[Given records]
Start of Block
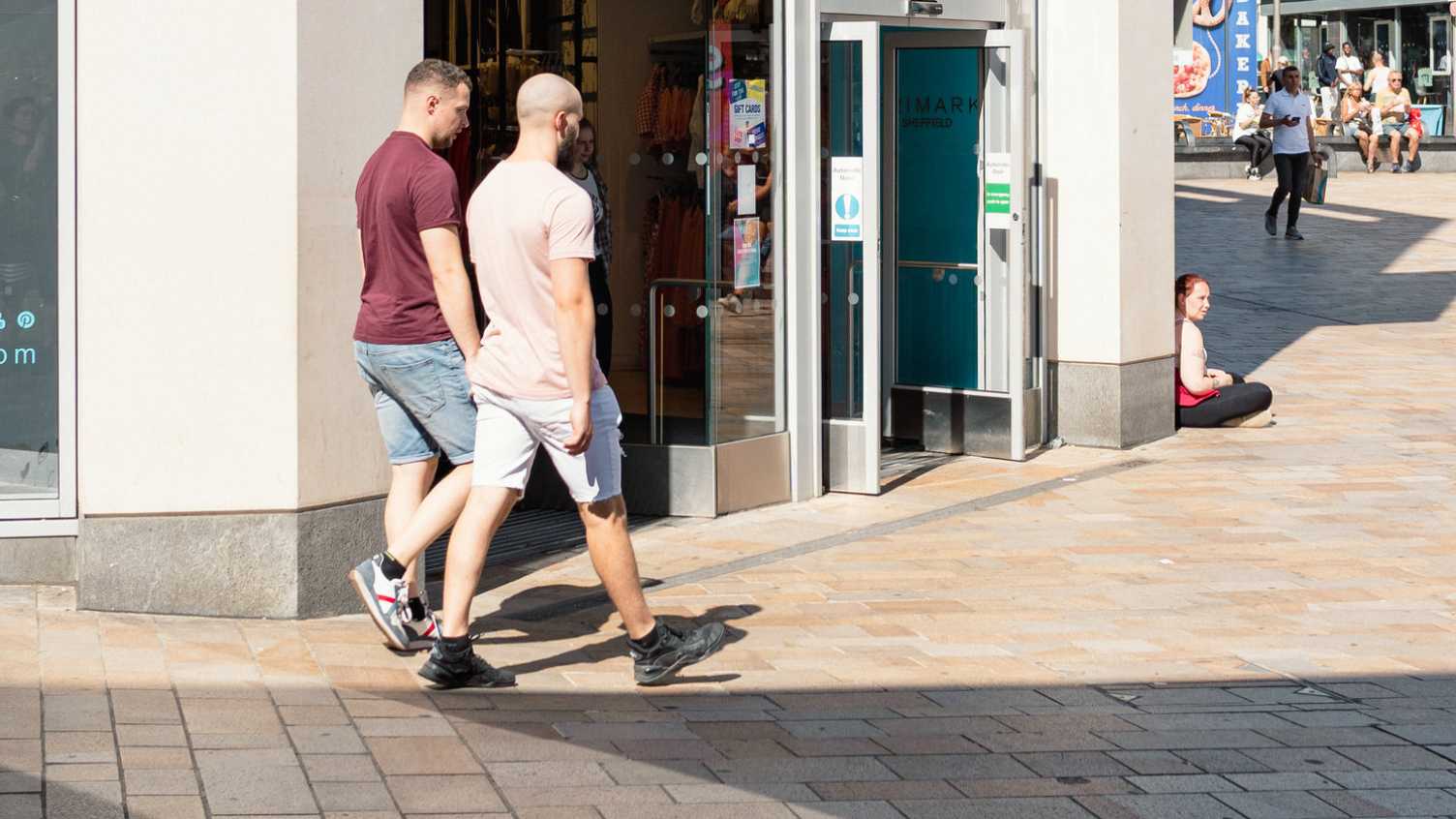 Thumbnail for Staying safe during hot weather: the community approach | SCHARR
End of Block
Start of Block
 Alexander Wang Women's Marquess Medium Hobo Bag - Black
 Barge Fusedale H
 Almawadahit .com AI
End of Block
[Exercise prompt]
Extract exactly and only the lines above from the line containing "Alexander Wang Women's" through the line containing "Almawadahit .com AI", both end lines included.

[Response area]
 Alexander Wang Women's Marquess Medium Hobo Bag - Black
 Barge Fusedale H
 Almawadahit .com AI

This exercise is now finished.